In your synthetic dataset, could you confirm that the normal maps are in camera coordinates as opposed to world? If I compute a normal map from the depth maps using finite difference and the intrinsic camera parameters, I can't get something that looks close to the ground truth.

Also, I wonder if there is quite heavy quantisation in the normal/depth maps? I think they are stored with 16 bit depth - is that right?
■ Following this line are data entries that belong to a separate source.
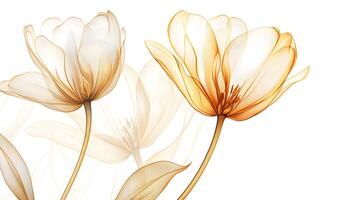 Delicate golden line art depicts tulip flower with intricate petal details on white backdrop, combining elegant botanical drawing style with minimalist art nouveau design elements. minimalist photo
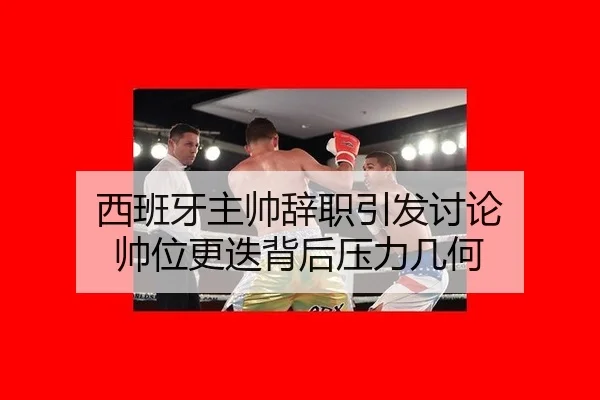 西班牙主帅辞职引发讨论 帅位更迭背后压力几何 | leyu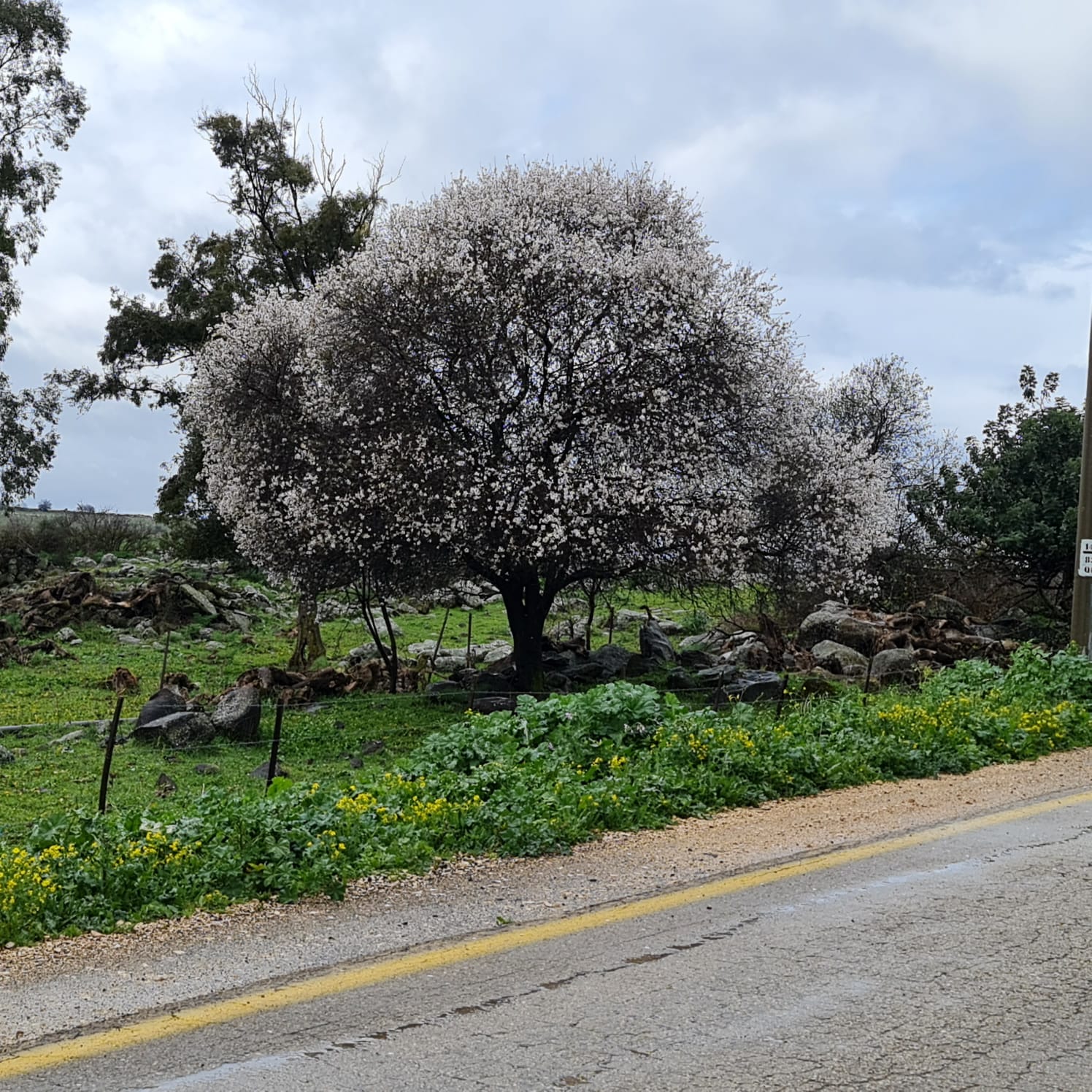 קפה עם תושבי באלוני הבשן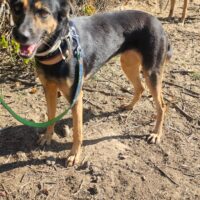 SOL - Kleiner Schäferhundmischling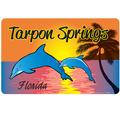 Dolphin Sunset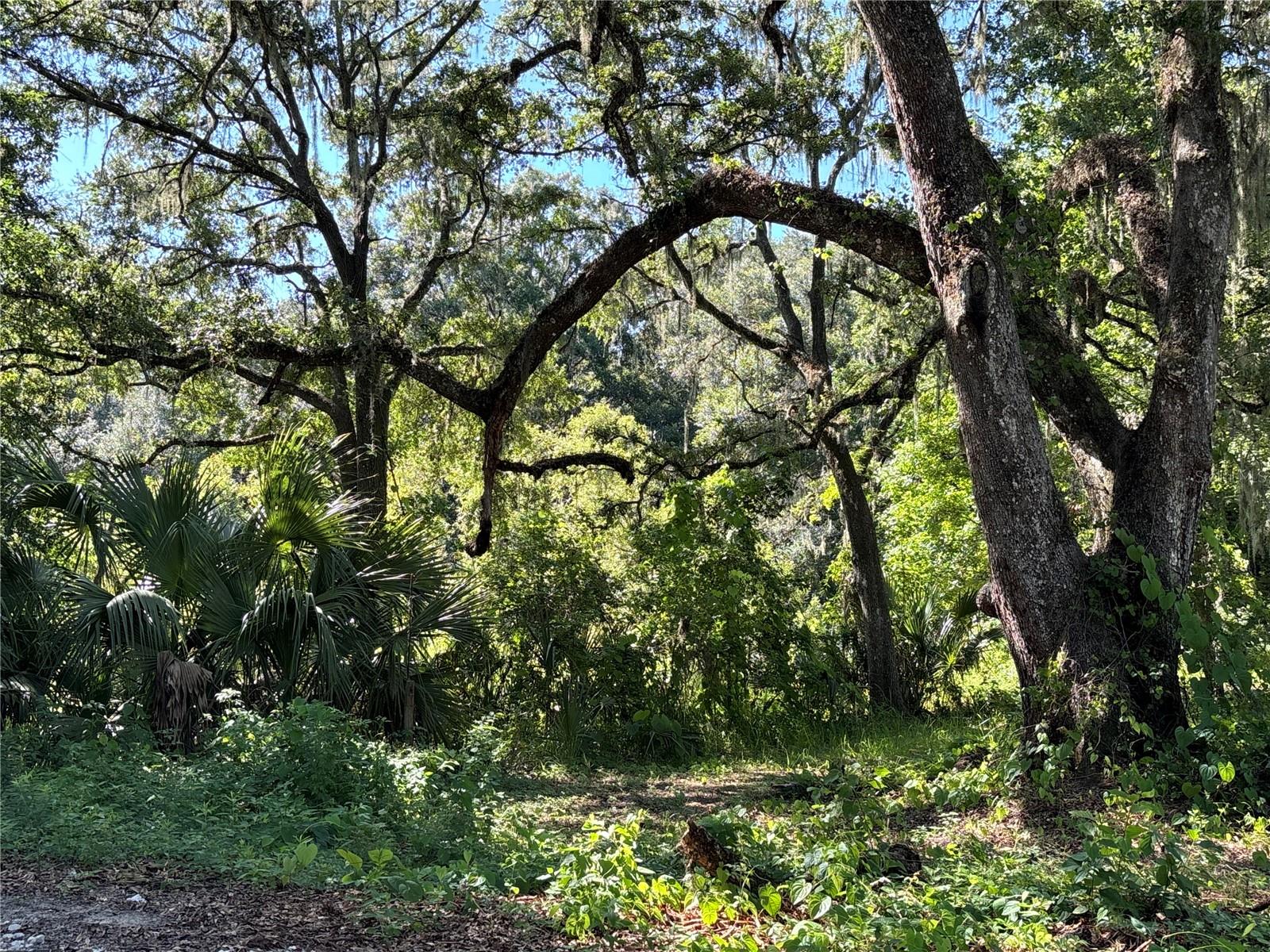 Details for 14155 47th Avenue, ANTHONY, FL 32617
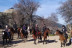 Ruta a Caballo por Sierra Oeste (Robledo de Chavela, Madrid)
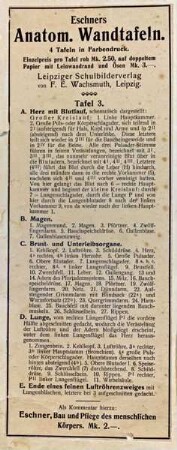 Eschners Anatomische Wandtafel 3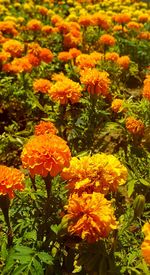 Close-up of marigold flowers blooming outdoors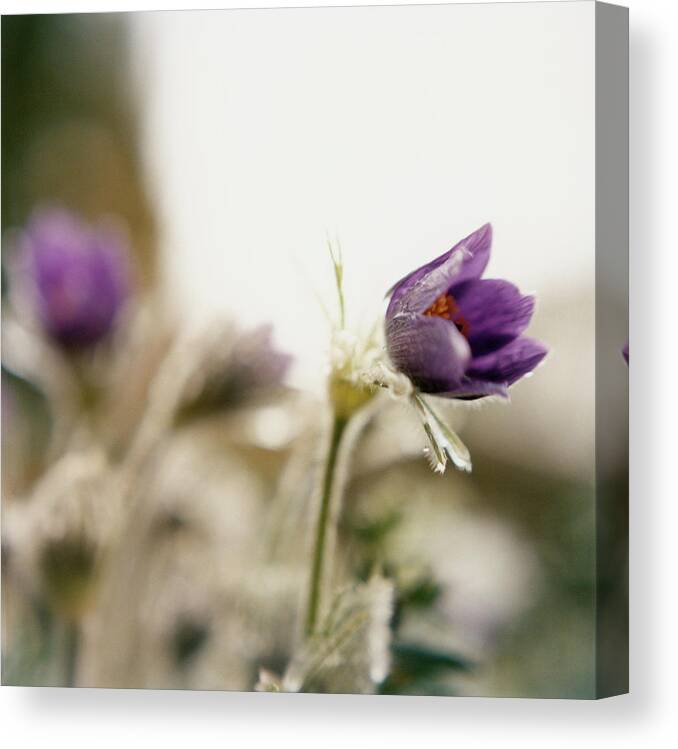 Purple Canvas Print featuring the photograph Purple Flowers #1 by Charles Gullung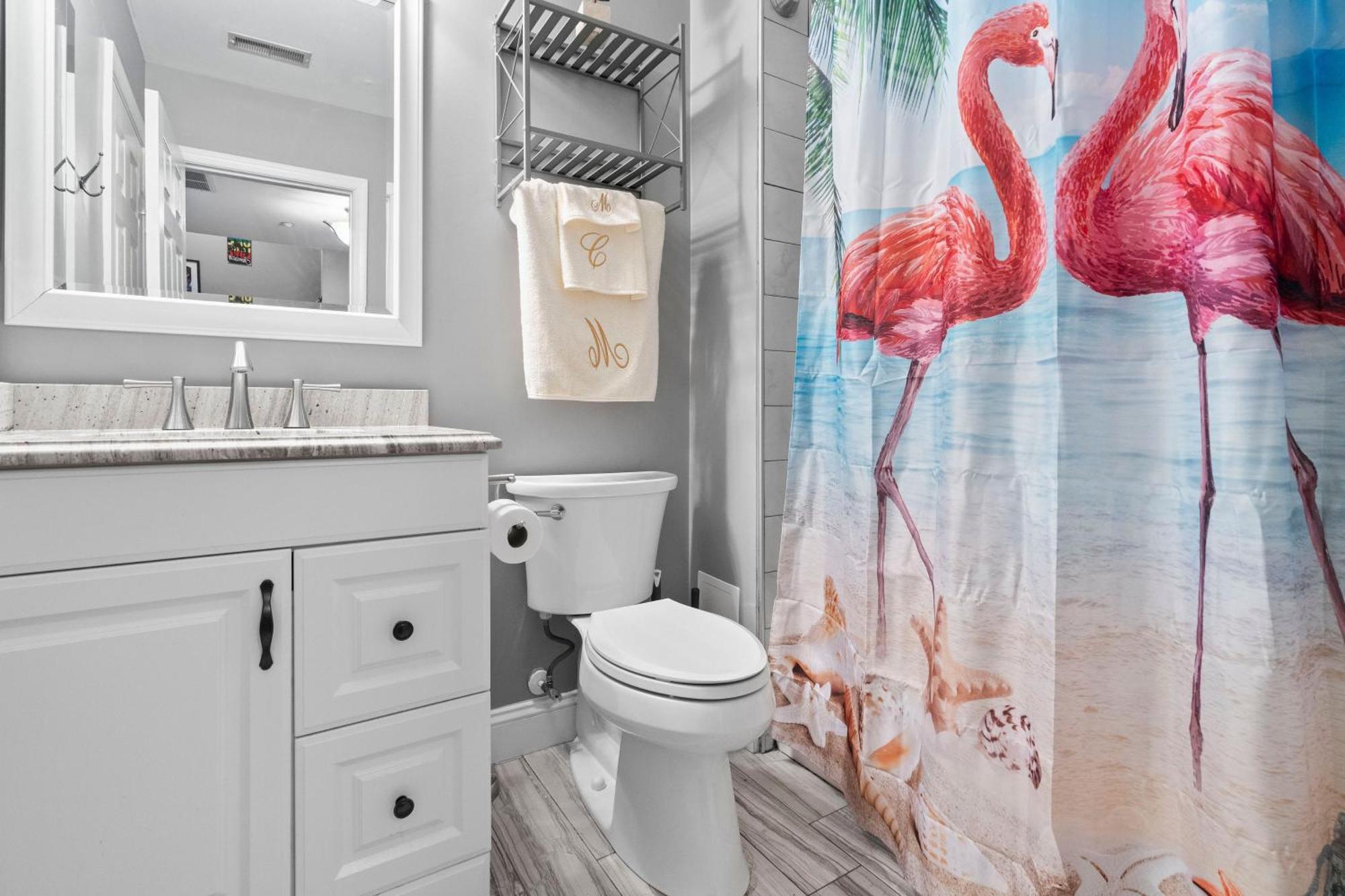 Appartamento New Tropical Island Oasis Baltimora Esterno foto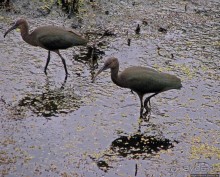 "Водоплавающее" разноптичье лагуны Патос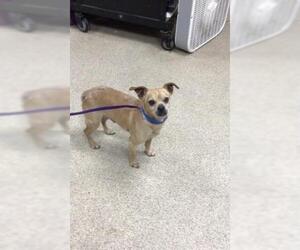Chihuahua Dogs for adoption in Riverside, CA, USA
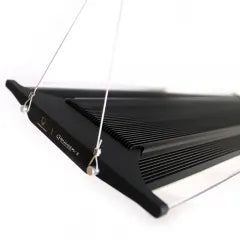 Zetlight - Qmaven2 Q6 WiFi Marine LED 3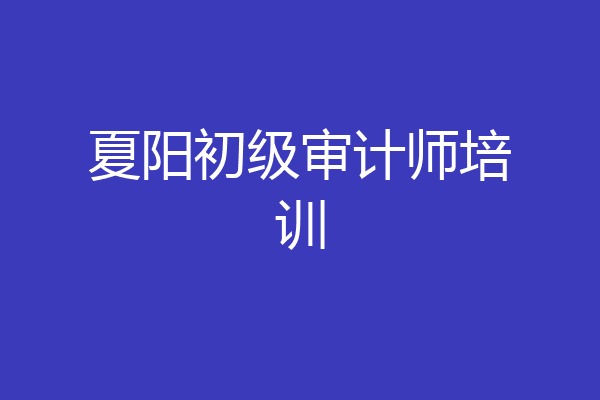 夏阳初级审计师培训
Thank you for bringing this up! Yes, the normal maps are in camera space and not world space. I am under the impression that world space normal maps would be meaningless without camera extrinsics, so I opted to extract/provide them in camera space.

I did the same as you and wrote a script to approximate the normal from the provided ground truth depth. The following GIF shows the input image next to the ground truth normal and the normal approximated from the ground truth depth. Looks good to me, but please correct me if there are any issues with it that I am not aware of.

normal

You can find the script below. The script inverts the Y axis of the normal map since the coordinate system of Unreal differs from what I am using for the approximation. Furthermore, it sets the normal map for the sky (depth greater than 50k) to a well defined value since one would otherwise get the normal of the sphere/box in which the virtual environment resides. As for approximating the normal from the depth, the script uses the cross product of vectors between neighboring points in 3D space. Note that the depth is smoothed with a Gaussian filter to reduce noise, this is a very simple approximation after all.

#!/usr/bin/env python

import cv2
import json
import math
import moviepy
import moviepy.editor
import numpy

##########################################################

npyImages = []

for intSample in range(1, 20):
	npyImage = numpy.ascontiguousarray(cv2.imread(filename=str(intSample).zfill(5) + '-bl-image.png', flags=-1).astype(numpy.float32) * (1.0 / 255.0))
	npyDepth = numpy.ascontiguousarray(cv2.imread(filename=str(intSample).zfill(5) + '-bl-depth.exr', flags=-1)[:, :, None].astype(numpy.float32))
	npyNormal = numpy.ascontiguousarray(cv2.imread(filename=str(intSample).zfill(5) + '-bl-normal.exr', flags=-1).astype(numpy.float32))
	npyNormal[:, :, 1:2] *= -1.0
	npyNormal[:, :, 0:1][npyDepth >= 50000.0] = 0.0
	npyNormal[:, :, 1:2][npyDepth >= 50000.0] = 0.0
	npyNormal[:, :, 2:3][npyDepth >= 50000.0] = -1.0
	npyNormal /= numpy.linalg.norm(npyNormal, 2, 2, True).repeat(3, 2)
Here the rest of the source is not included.